Choć do kalendarzowego lata zostały jeszcze trzy miesiące, warto już dziś pomyśleć nad nowościami w wakacyjnej karcie win. Jakie wino na lato będzie najodpowiedniejsze? Zobacz nasze propozycje.
Wiosna rozgościła się już w naszych progach. Jeśli tak, jak my niecierpliwie czekasz na poluzowanie obostrzeń i letni sezon, już dziś zaplanuj swoją wakacyjną kartę win. Postaw na lżejsze, orzeźwiające wina, które pozwolą poczuć letnie rozluźnienie. Oto nasze typy!
Spis treści
Wino na lato: prosecco
Od kilku lat numer jeden w letnich kartach win. I nic nie wskazuje na to, aby prosecco szybko od nas odeszło. To rześkie, musujące wino o aromatycznym, dojrzałym finiszu ma tysiące miłośników w całej Polsce. Prosecco utrzymuje swoją niezachwianą pozycję dzięki delikatnemu, cytrusowemu stylowi i uniwersalności. Świetnie sprawdza się bowiem jako kompan rodzinnych uroczystości oraz do codziennego użytku.
Prosecco powstaje w Wenecji Euganejskiej oraz Friuli-Wenecji Julijskiej z odmiany glera. Występuje w trzech wersjach: musującej spumante (5-6 atmosfer ciśnienia), delikatnie musującej frizzante (2,5-3,5 atm.) lub spokojnej. Co ciekawe, w listopadzie 2020 roku lokalne władze włoskie wprowadziły możliwość sprzedaży prosecco w różowej wersji. Więcej na ten temat dowiesz się w tekście „Jakie wina musujące w karcie? Nie tylko prosecco”.
Wino na lato: z nalewaka
To rozwiązanie pojawia się w coraz większej liczbie restauracji. Wino z nalewaka czy tzw. kija jest dalekie od prawdziwego prosecco (prosecco występuje tylko w wersji butelkowanej), jednak potrafi równie mocno pozytywnie zaskoczyć.
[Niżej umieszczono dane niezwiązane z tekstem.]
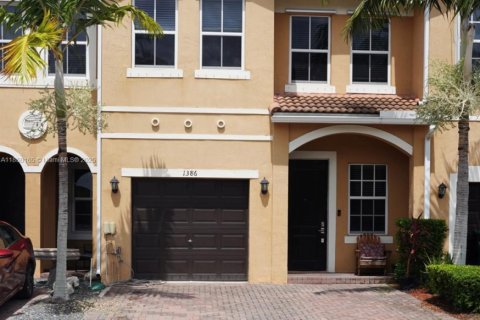 Casa en venta en Homestead, Florida, 4 dormitorios, 178 m2 № 1857207 - foto 1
Wino z nalewaka jest łatwe w magazynowaniu i zdecydowanie tańsze niż z butelki. Najczęściej do dystrybutorów trafia wino musujące – frizzante, które gasi pragnienie i przyjemnie relaksuje w upalne dni. Świetnie też komponuje się w letnich koktajlach. Z nalewaka może jednak popłynąć również wino spokojne: zarówno białe, jak i czerwone. Taki sposób podawania wina gwarantuje wysoką jakość trunku, świeżość i perfekcyjne schłodzenie. Zaserwowanie wina z nalewaka zajmuje też cztery razy mniej czasu niż zaserwowanie wina z butelki. Klienci są więc obsługiwani szybciej.
Wino na lato: vinho verde
Lato nierozłącznie kojarzy się z odpoczynkiem w promieniach słońca, lekkością i wszechobecną zielenią. A to przecież świetny opis portugalskiego vinho verde: wina, które kochamy za młodość, zawadiackość i cudowne orzeźwienie.
Vinho verde powstaje w portugalskim regionie Minho. Jego nazwę można przetłumaczyć jako „wino zielone” – i wbrew swej zieleni w nazwie to wino jest niemal krystalicznie przejrzyste. Skąd więc bierze się wspomniany zielony? Nawiązuje do młodości wina, jego świeżości. Bo vinho verde bywa też różowe, czerwone, a nawet musujące… Często można w nim wyczuć wyraziste aromaty cytrusowe, lekką mineralność i równowagę w kwasowości.
A może sangria?
Sangria jest synonimem lata w kieliszku. Odświeżająca, rubinowa, zaskakująca… Idealna do łączenia z jedzeniem. Fascynuje obfitością ciemnych jagód, cytrusów i aromatów przypraw. Serwowana z obowiązkowym lodem i świeżymi owocami w okamgnieniu przenosi do gorącej Hiszpanii.
Sangria jest dziś tak popularna w hiszpańskich lokalach, jak paella, tortilla czy chorizo. Wystarczy dodać do niej owoce i lód – najlepiej przygotować ją wcześniej, by składniki nawzajem sobą przesiąkły. Efekt gwarantowany!